Vi ho detto queste cose mentre sono ancora presso di voi. Ma il Paràclito, lo Spirito Santo che il Padre manderà nel mio nome, lui vi insegnerà ogni cosa e vi ricorderà tutto ciò che io vi ho detto.
Vi lascio la pace, vi do la mia pace. Non come la dà il mondo, io la do a voi. Non sia turbato il vostro cuore e non abbia timore.
Avete udito che vi ho detto: “Vado e tornerò da voi”. Se mi amaste, vi rallegrereste che io vado al Padre, perché il Padre è più grande di me.
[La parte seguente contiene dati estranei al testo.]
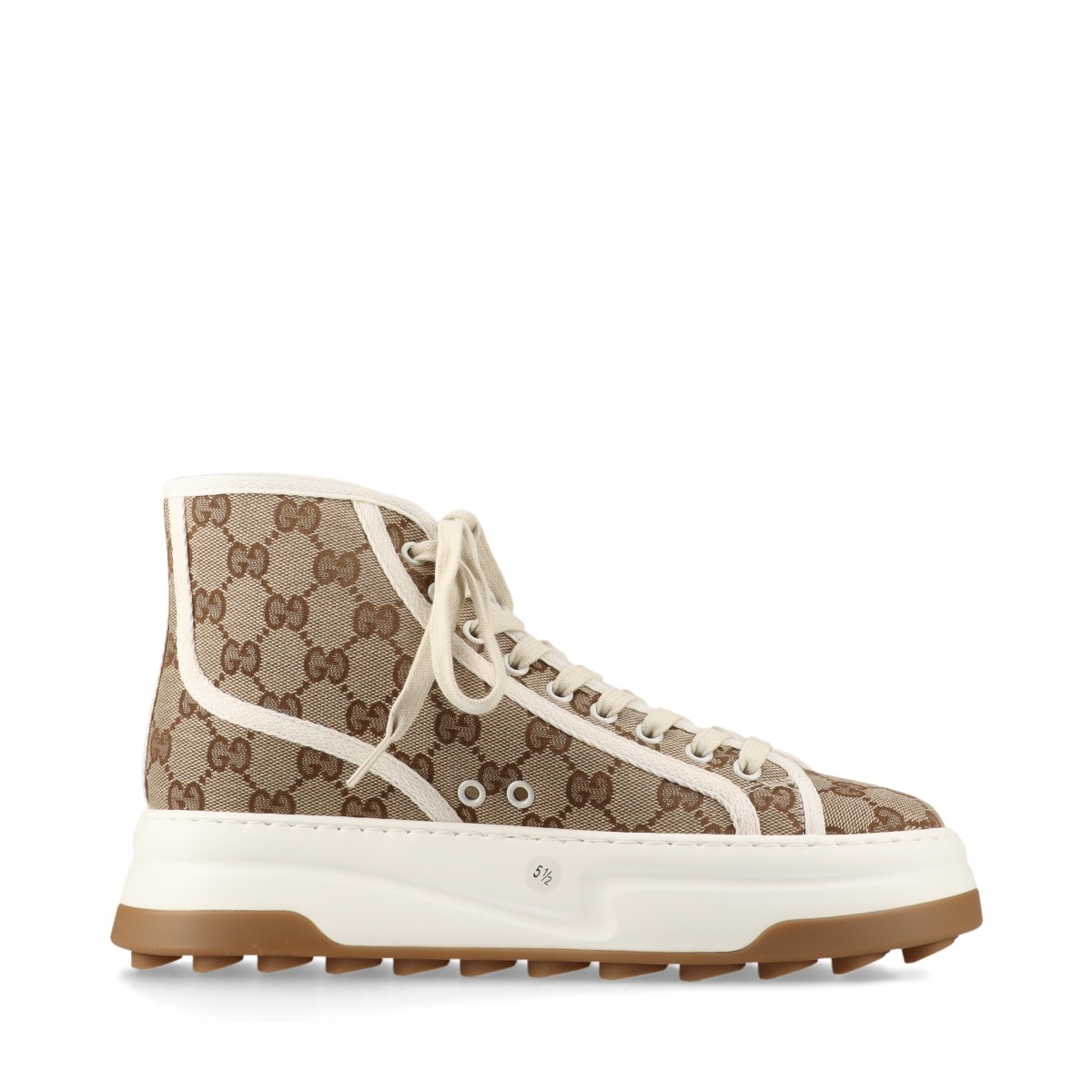 お値下げ】GUCCI レザー&キャンバス ロートップ スニーカー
Ve l’ho detto ora, prima che avvenga, perché, quando avverrà, voi crediate».
SCOSSI E PRO-MOSSI
Questo non è un discorso di addio, bensì un impegno che Gesù affida ai suoi discepoli per mezzo dello Spirito. Un impegno che non richiede semplicemente un’adesione ma anche un’ulteriore collaborazione di costruzione del futuro.
La vera preoccupazione di Gesù nei confronti dei suoi discepoli non è dovuta ai comportamenti che gli stessi avrebbero potuto assumere in sua assenza, ma il come avrebbero continuato a perpetuare quanto lui stesso aveva detto. Ecco perché il pegno che consegna è quello della pace. Un pegno che è un dono non per sé, ma per il mondo. Un dono da non sotterrare, non abortire, non strumentalizzare. E’ un dono che richiama ad essere “comunità dello Spirito”. Una comunità che non si arrende, non dimentica e soprattutto costruisce il domani.
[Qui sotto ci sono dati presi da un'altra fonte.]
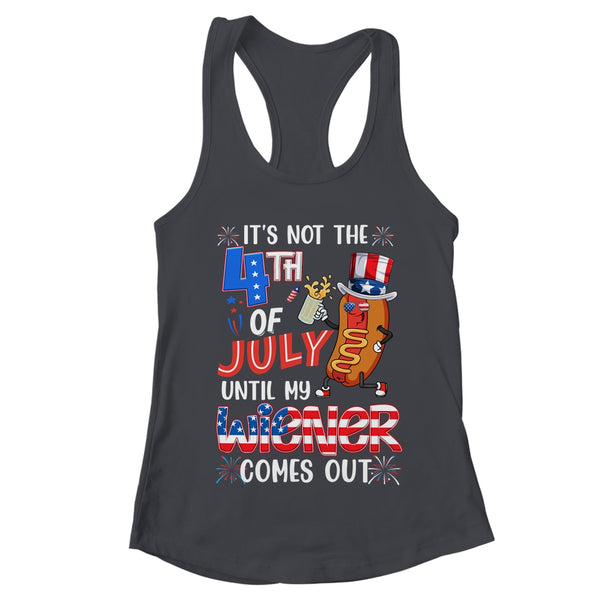 Hot Dog Until My Wiener Comes Out Funny Hot Dog 4th Of July Women s Ideal Racerback Tank Black 600x 2.jpg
La pace di Cristo per noi non è assenza di conflitti, serenità di vita, salute… ma pienezza di ogni bene, assenza di turbamento di fronte a ciò che avviene. Il Signore non ci assicura il benessere, ma la pienezza della figliolanza in un’adesione amorevole ai suoi progetti di bene per noi. La pace la possederemo, quando avremo imparato a fidarci di quello che il Padre sceglie per noi. La pace, infatti, non è assenza d’impegni, ma è il frutto d’impegno e fatica per edificare una comunità che sproni alla realizzazione dell’amore.
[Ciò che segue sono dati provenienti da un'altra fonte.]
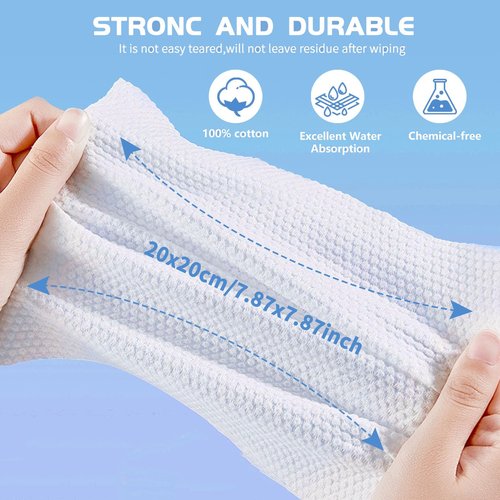 Cotton Facial Dry Wipes 100 Count, Deeply Cleansing Disposable Face Towel Wash Cloth, Multi-Purpose for Skin Care, Make-up Wipes, Face Wipes and Facial Cleansing (6 Pack)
Spesso si assiste all’afasia e all’asfitticità delle comunità che hanno dimenticato che l’impegno di ogni giorno non è la routine di una prassi da perpetuare aspettando il domani migliore. Come la pace si costruisce nell’educazione dei più giovani, nella ricerca delle metodologie antiviolenza e antirazziste, nell’impegno all’educazione della legalità e nella ricerca appassionata delle strategie atte alla promozione delle persone e soprattutto alla non discriminazione dei più deboli; così ogni gesto, che il cristiano realizza con gli uomini lo costituisce membro attivo di un mondo che accoglie, promuove e abilita ad essere persona.
La comunità che ne scaturisce è pro-mossa. In altri termini è una comunità che è in continuo movimento e alla ricerca di quanti vivono qualunque tipo di disagio e che non sono “in pace”. Questa comunità non tace di fronte alle violenze e ai soprusi; non accetta la schiavitù di tanti che sono sottopagati e usati sia nei paesi più poveri del mondo come nelle periferie delle nostre città; non tace di fronte a certe compagnie aeree che trasportano extracomunitari espulsi dai paesi ricchi che sanno di finire uccisi appena arrivati nei rispettivi paesi; non dimentica le lacrime di chi finisce in carcere per professare la fede e soprattutto non si lascia andare quando le forze sembrano non concedergli più il vigore della giovanilità.
Pro-mossi, insomma, solo se in continuo movimento per costruire una chiesa-comunità senza paura di essere scossi dall’impeto d’amore che Gesù ci ha mostrato in ogni passo della sua vita.